CONDITIONAL LEASE TERMINATION AGREEMENT

THIS CONDITIONAL LEASE TERMINATION AGREEMENT ("Termination Agreement") is made as of the 25th day of July, 2012 effective as of July 31, 2012, by and between CCP/MS SSIII DENVER TABOR CENTER 1 PROPERTY OWNER LLC, a Delaware limited liability company ("Landlord") and GEOVIC MINING CORP., a Delaware corporation ("Tenant").

RECITALS:

A.Landlord and Tenant are parties to that certain lease dated as of August 21, 2008, which lease has been previously amended by the instrument dated January 8, 2009 (collectively, the "Lease") relating to approximately 6,592 rentable square feet known as Suite No. 980 and Suite No. 975 (the "Premises"), located on the 9th floor of the building commonly known as the Tabor Center I located at 1200 17th Street, Denver, Colorado 80202 (the "Building"), all as more particularly described in the Lease. Capitalized terms not otherwise defined in this Termination Agreement shall have the meanings set forth in the Lease.
B.The Term is scheduled to expire on October 31, 2013 (the "Stated Termination Date"), and Tenant desires to terminate the Lease prior to the Stated Termination Date. Landlord has agreed that upon payment of One Hundred Fifty-Five Thousand and 00/100 Dollars ($155,000) to Landlord (the "Termination Fee"), and subject to Landlord's retention of the Security Deposit, Landlord shall agree to the early termination of the Lease on the terms and conditions contained in this Termination Agreement.

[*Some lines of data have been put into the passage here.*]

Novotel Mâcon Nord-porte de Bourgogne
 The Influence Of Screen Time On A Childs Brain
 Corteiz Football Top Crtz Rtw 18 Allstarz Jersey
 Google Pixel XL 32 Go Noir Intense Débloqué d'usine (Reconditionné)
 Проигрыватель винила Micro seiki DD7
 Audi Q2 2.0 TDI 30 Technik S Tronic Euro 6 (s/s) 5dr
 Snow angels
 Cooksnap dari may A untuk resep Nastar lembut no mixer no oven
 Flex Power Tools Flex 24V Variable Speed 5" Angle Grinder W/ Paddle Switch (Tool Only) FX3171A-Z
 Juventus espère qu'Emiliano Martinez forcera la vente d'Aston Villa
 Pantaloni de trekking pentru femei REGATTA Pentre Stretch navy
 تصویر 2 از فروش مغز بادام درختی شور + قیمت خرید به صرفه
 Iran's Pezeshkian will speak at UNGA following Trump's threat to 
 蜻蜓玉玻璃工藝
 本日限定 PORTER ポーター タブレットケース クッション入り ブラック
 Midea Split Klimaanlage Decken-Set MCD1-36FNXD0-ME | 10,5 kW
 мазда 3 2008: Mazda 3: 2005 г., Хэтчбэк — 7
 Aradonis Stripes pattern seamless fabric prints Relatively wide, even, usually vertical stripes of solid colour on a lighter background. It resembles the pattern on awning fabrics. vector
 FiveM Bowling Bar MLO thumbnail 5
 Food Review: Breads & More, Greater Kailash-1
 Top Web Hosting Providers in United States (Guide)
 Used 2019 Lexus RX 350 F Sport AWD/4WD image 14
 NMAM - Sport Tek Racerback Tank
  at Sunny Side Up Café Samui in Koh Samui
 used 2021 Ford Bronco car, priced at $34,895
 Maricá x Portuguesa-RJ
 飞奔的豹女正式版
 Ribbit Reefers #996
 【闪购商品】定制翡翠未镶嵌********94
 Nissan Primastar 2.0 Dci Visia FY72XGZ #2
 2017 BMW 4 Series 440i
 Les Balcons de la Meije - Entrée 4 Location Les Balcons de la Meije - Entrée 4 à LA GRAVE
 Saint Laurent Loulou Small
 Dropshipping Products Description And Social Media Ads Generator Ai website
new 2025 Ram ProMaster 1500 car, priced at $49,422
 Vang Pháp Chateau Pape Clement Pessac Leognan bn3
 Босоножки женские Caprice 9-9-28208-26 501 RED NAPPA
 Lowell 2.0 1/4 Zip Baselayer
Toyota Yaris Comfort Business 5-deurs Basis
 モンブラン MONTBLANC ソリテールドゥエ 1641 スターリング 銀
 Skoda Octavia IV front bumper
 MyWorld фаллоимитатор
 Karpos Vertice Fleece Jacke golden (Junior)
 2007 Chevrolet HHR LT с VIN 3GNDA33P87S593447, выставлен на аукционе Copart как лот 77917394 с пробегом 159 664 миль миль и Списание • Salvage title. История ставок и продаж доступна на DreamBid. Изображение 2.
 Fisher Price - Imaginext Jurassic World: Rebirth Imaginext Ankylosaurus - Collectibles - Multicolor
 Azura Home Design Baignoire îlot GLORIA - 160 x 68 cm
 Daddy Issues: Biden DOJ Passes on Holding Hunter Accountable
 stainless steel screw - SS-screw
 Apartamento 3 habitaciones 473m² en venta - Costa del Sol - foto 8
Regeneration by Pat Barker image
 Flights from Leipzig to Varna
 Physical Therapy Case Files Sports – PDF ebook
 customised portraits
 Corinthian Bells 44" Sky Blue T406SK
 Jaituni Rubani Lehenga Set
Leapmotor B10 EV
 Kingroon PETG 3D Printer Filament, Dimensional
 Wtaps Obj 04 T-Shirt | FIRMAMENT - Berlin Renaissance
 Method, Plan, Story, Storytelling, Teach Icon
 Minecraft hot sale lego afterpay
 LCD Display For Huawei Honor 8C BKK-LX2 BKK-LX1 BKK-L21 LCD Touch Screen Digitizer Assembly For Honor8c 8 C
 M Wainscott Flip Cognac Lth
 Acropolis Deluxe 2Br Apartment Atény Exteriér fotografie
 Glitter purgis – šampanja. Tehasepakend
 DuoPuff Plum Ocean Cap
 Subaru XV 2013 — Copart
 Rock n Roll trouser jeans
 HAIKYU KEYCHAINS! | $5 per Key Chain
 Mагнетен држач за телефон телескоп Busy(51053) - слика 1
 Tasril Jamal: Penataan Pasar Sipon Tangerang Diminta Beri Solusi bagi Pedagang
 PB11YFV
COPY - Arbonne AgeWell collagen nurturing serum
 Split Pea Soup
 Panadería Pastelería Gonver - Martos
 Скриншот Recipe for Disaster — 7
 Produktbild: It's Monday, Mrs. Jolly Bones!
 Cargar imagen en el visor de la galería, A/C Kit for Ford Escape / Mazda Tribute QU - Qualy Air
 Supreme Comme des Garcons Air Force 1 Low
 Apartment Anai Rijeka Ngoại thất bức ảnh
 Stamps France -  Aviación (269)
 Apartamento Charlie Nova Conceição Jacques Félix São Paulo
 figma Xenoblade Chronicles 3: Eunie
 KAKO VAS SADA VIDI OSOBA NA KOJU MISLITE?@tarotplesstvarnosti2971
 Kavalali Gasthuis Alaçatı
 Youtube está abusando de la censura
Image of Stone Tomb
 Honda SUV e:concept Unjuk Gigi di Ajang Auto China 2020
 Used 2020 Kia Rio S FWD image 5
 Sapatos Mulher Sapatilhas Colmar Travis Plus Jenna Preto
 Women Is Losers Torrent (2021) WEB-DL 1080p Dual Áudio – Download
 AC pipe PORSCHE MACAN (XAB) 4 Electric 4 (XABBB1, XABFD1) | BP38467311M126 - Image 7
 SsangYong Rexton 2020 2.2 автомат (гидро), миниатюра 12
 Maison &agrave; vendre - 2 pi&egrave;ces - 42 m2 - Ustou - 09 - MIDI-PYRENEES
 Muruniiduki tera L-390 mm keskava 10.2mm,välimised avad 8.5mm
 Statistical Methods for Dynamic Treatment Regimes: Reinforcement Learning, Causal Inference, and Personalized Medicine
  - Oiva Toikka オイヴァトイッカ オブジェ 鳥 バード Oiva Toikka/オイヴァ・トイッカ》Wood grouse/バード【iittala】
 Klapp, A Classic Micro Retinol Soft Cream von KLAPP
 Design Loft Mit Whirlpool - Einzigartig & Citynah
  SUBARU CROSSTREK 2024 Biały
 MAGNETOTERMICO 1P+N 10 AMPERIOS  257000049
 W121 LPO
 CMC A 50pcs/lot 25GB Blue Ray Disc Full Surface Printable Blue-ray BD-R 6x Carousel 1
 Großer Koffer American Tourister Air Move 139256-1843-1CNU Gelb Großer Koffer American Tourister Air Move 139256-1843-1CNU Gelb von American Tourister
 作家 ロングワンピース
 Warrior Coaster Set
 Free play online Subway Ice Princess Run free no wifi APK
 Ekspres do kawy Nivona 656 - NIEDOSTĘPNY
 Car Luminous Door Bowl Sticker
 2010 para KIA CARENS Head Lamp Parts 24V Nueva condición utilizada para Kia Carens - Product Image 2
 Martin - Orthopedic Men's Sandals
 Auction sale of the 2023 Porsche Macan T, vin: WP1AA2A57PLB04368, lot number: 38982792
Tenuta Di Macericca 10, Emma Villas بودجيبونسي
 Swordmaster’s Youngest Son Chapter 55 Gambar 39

NOW, THEREFORE, in consideration of the above recitals which by this reference are incorporated herein, the mutual covenants and conditions contained herein and other valuable consideration, the receipt and sufficiency of which are hereby acknowledged, Landlord and Tenant agree as follows:

1.The Lease shall terminate effective as of July 31, 2012 (the "Early Termination Date"), subject to the terms, conditions, agreements, representations, warranties and indemnities contained in this Termination Agreement, including, without limitation, payment of the Termination Fee prior to the Early Termination Date and Landlord's retention of the Security Deposit as set forth in Section 6 below.
2.Effective as of the Early Termination Date, Tenant remises, releases, quitclaims and surrenders to Landlord, its successors and assigns, the Lease and all of the estate and rights of Tenant in and to the Lease and the Premises, and Tenant forever releases and discharges Landlord from any and all claims, demands or causes of action whatsoever against Landlord or its successors and assigns arising out of or in connection with the Premises or the Lease and forever releases and discharges Landlord from any obligations to be observed or performed by Landlord under the Lease after the Early Termination Date.
3.Subject to the agreements, representations, warranties and indemnities contained in this Termination Agreement, Landlord agrees to accept the surrender of the Lease and the Premises from and after the Early Termination Date and, effective as of the Early Termination Date, forever releases and discharges Tenant from any obligations to be observed and performed by Tenant under the Lease after the Early Termination Date, provided that Tenant has satisfied, performed and fulfilled all of the agreements set forth in this Termination Agreement, and each of the representations and warranties set forth in Section 5 below are true and correct.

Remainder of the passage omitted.